-------- Data --------

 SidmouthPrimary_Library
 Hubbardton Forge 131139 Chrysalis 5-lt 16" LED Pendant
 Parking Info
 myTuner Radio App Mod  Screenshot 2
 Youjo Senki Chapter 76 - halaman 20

--------
-------- Data --------

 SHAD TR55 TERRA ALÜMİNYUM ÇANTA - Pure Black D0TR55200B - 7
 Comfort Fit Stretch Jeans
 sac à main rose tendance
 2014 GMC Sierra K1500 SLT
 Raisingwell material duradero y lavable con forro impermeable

--------

#### Required work
Please output exactly the lines between the one holding "myTuner Radio App" and the one holding "Youjo Senki Chapter 76 - halaman 20" in the records above, inclusive, and nothing more.

#### Written solution
 myTuner Radio App Mod  Screenshot 2
 Youjo Senki Chapter 76 - halaman 20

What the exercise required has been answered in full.